Currently available anticoagulant drugs are limited to the heparin-like compounds, which are active only when given intravenously, and to the oral coumarin anticoagulants. Heparin is an endogenous glycosaminoglycan which serves as a catalyst for the reaction between antithrombin and various activated factors in the coagulation cascade (Factors IXa, Xa, XIa, XIIa, kallikrein and thrombin). This reaction results in inhibition of these factors, and thus inhibition of coagulation. Heparin is not well absorbed orally and has a relatively short half-life in the bloodstream. Side effects of long term heparin therapy can include thrombocytopenia with associated paradoxical arterial thrombosis, and, rarely, osteoporosis. Overdosage with heparin can be antagonized by injection of protamine sulfate.
Oral anticoagulants, including warfarin and other coumarin derivatives, produce their effects on blood coagulation by indirect means. These compounds inhibit regeneration of vitamin K in the liver. Vitamin K is a precursor to several of the coagulation pathway factors, including Factors II (prothrombin), VII, IX, and X; therefore, depletion of vitamin K results in inhibition of coagulation. As might be expected from their mechanism, the coumarin drugs have a relatively long onset of therapeutic activity, since their effectiveness is dependent upon depletion of endogenous depots of active vitamin K. Coumarin therapy requires careful management, due to a number of drug and nutritional interactions which serve increase or decrease effective dosage levels. Treatment with coumarin derivatives is also associated with several serious side effects including bleeding episodes and teratogenicity.
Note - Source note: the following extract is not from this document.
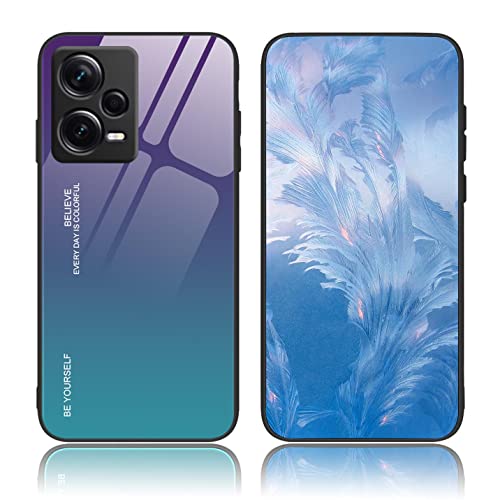 BORYA Hülle für Xiaomi Redmi Note 12 Pro+ Plus 5G, Ultra Dünn Weiches Silikon TPU Bumper Stoßfest Handyhülle, Elegant Bunt Gradient 9H Gehärtetes Glas Schutzhülle, Aurora-Blau von BORYA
A number of analytical tests have been devised to measure the patency of the above-described coagulation cascade. These tests, which are described in more detail below, are generally carried out on blood plasma. Specific assays have been developed to distinguish the particular sites of activity of the various compounds in the clotting cascade and to distinguish between their overall anticoagulant effects and their antithrombotic activity. For example, the prothrombin time assay (PT) measures the extrinsic system of coagulation and is therefore used to detect deficiencies in factors II, V, VII, and X. PT is also used to monitor therapy in patients receiving coumarin anticoagulants, since factors II and VII are among those which are dependent upon vitamin K. The activated partial thromboplastin time assay (APTT) measures coagulation factors present in the intrinsic system of coagulation and is generally used to monitor heparin therapy. Antiplatelet activity can be measured directly in plasma samples.
As described above, current anticoagulant regimens include treatment with various forms of heparin, or coumarin drugs. Of the two, the heparin drugs are by far the better tolerated and are easier to titrate. However, the usefulness of these compounds is limited by their currently obligatory intravenous route of administration. Although formulations of these compounds have been administered enterally, anticoagulant activity has been observed only after intraduodenal administration (Andriuoli, Caramazza).
Coumarin drugs such as warfarin can be given orally; however, the usefulness of these drugs is limited by their relatively long onset time, difficulty in titration, interactions with other drugs, and side-effects, as described above. In addition, both heparin and coumarin drugs are limited in their usefulness by their hemorrhagic potential, because effective antithrombotic doses of these drugs also concommitantly produce excessive systemic anticoagulation.
It is therefore a general object of the present invention to provide compounds and methods for oral anticoagulant therapy with a shorter onset and duration of action, for improved oral antithrombotic activity. A further object of the invention is to provide antithrombotic agents having reduced hemorrhagic effects, at antithrombotic doses.